Hal serupa terjadi pada Amandus Buiu, seorang petani skala kecil di Wolowae, yang hanya bisa menanam padi di lahan seluas satu hektar yang sering terendam banjir, dibandingkan jagung atau produk hortikultura yang harganya lebih mahal.
Lahan datar milik Pak Buiu, dengan kemiringan sekitar 2%, kini memiliki saluran drainase kecil untuk mengalirkan kelebihan air hujan yang tidak dapat diserap tanah ke sungai di dekatnya, sementara tumpang sari jagung dengan kacang-kacangan berarti terdapat cukup naungan, kelembapan, dan pupuk alami dari lahan tersebut. daun di dalam tanah agar kedua tanaman dapat tumbuh subur. Sementara itu, ia menanam sawah di ujung lahannya, paling dekat dengan sungai. “Saya masih bereksperimen dengan keseimbangan tanaman apa yang paling berhasil,” katanya.
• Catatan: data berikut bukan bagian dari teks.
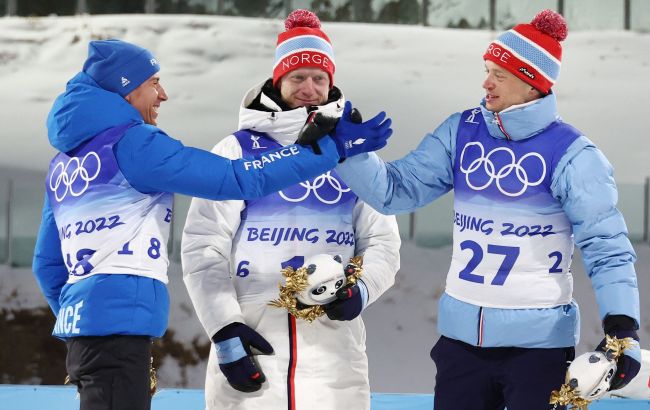 Олімпіада-2022: підсумки дня 12 лютого та медальний залік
Mendukung petani, melestarikan lingkungan
Dukungan ini sangat dibutuhkan di Nagekeo, bagian dari Provinsi Nusa Tenggara Timur, salah satu dari lima daerah tertinggal di Indonesia. Sebagian besar provinsi ini merupakan provinsi pertanian, dan mengalihkan petani dari pertanian subsisten ke menghasilkan pendapatan adalah tujuan utama pemerintah, kata Wayan Tambun, Manajer Proyek di FAO Indonesia. “Metode yang kami perkenalkan – dan mitra lokal kami membantu para petani menerapkannya – melestarikan lahan dan sumber daya, sekaligus meningkatkan hasil panen dan pendapatan,” katanya.
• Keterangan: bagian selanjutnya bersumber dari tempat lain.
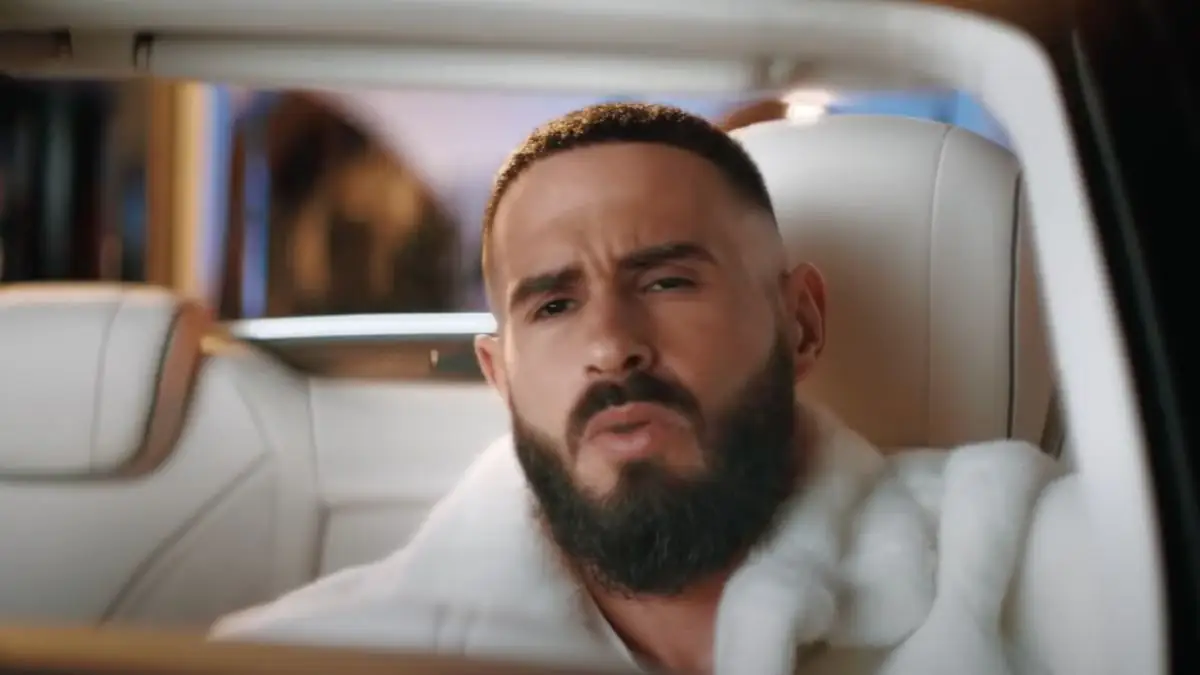 Rapper Shindy droht der Knast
Di wilayah marginal lainnya, Rendubutowe, dimana dataran tinggi berarti curah hujan jauh lebih rendah, mitra FAO, World Neighbors dan VECO Indonesia, telah memperkenalkan kepada para petani gagasan tidak hanya pembuatan terasering dan penggunaan pagar tanaman untuk melestarikan tanah dan air tetapi juga penanaman pohon untuk melestarikan tanah dan air. meminimalkan limpasan air pada musim hujan dan membatasi kekurangan air pada musim kemarau. Para petani telah beralih dari pertanian tebang dan bakar dan perladangan berpindah ke pertanian permanen. Sebagai hasil dari praktik-praktik baru ini, lahan di banyak wilayah kini ditutupi oleh hutan, sehingga memberikan pengendalian erosi dan banjir secara alami, penyimpanan karbon, dan memunculkan mata air baru.
“Sebelumnya, lahan kami tandus dan tidak subur dan hanya bisa digunakan untuk pertanian 5-7 bulan per tahun,” kata petani Andontius Pati. Dua puluh lima tahun kemudian, lahan pertaniannya kini terdiri dari lahan bertingkat dan area yang ditumbuhi pohon mahoni dan gmelina, yang benih dan kayu bakarnya juga bisa ia jual. “Sebelumnya, saya harus memindahkan lahan pertanian ke lahan baru karena setelah tiga kali panen, tanahnya sudah tidak subur lagi,” ujarnya. “Tetapi dengan pembuatan terasering, dan penggunaan daun tanaman polong-polongan sebagai pupuk hijau, hasil panen saya terus meningkat.” “Hutan keluarga” miliknya, begitu ia menyebutnya, memastikan bahwa sungai setempat tidak pernah kering dan tanah tetap tersedia sepanjang tahun.
Kehidupan para petani yang berpartisipasi dalam program ini menjadi jauh lebih baik. Mewarisi lahan marginal bukan lagi sebuah kutukan, kata We’e. Sekarang dia bahkan berpikir untuk melakukan perjalanan ke luar provinsi, tambahnya:
“Dengan anak-anak kami yang lebih tua kini berada di Jakarta, kami berharap kami dapat pergi dan mengunjungi mereka.”
Versi cerita ini dipublikasikan di situs FAO pada 3 April 2023.